Stored records:

-- Opening Marker --

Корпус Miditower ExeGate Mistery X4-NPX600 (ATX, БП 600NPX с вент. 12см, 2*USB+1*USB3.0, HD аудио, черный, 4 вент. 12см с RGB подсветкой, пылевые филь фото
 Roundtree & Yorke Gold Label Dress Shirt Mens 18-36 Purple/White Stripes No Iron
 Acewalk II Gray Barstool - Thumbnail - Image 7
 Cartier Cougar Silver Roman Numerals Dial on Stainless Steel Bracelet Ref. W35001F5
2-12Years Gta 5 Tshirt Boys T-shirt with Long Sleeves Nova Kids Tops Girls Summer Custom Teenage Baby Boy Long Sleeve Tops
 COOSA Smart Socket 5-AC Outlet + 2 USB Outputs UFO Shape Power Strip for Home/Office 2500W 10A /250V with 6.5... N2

-- Closing Marker --

▸ **To do**
Whenever a line of the data includes the word "with", show that line in full.

▸ **Answer section**
2-12Years Gta 5 Tshirt Boys T-shirt with Long Sleeves Nova Kids Tops Girls Summer Custom Teenage Baby Boy Long Sleeve Tops
 COOSA Smart Socket 5-AC Outlet + 2 USB Outputs UFO Shape Power Strip for Home/Office 2500W 10A /250V with 6.5... N2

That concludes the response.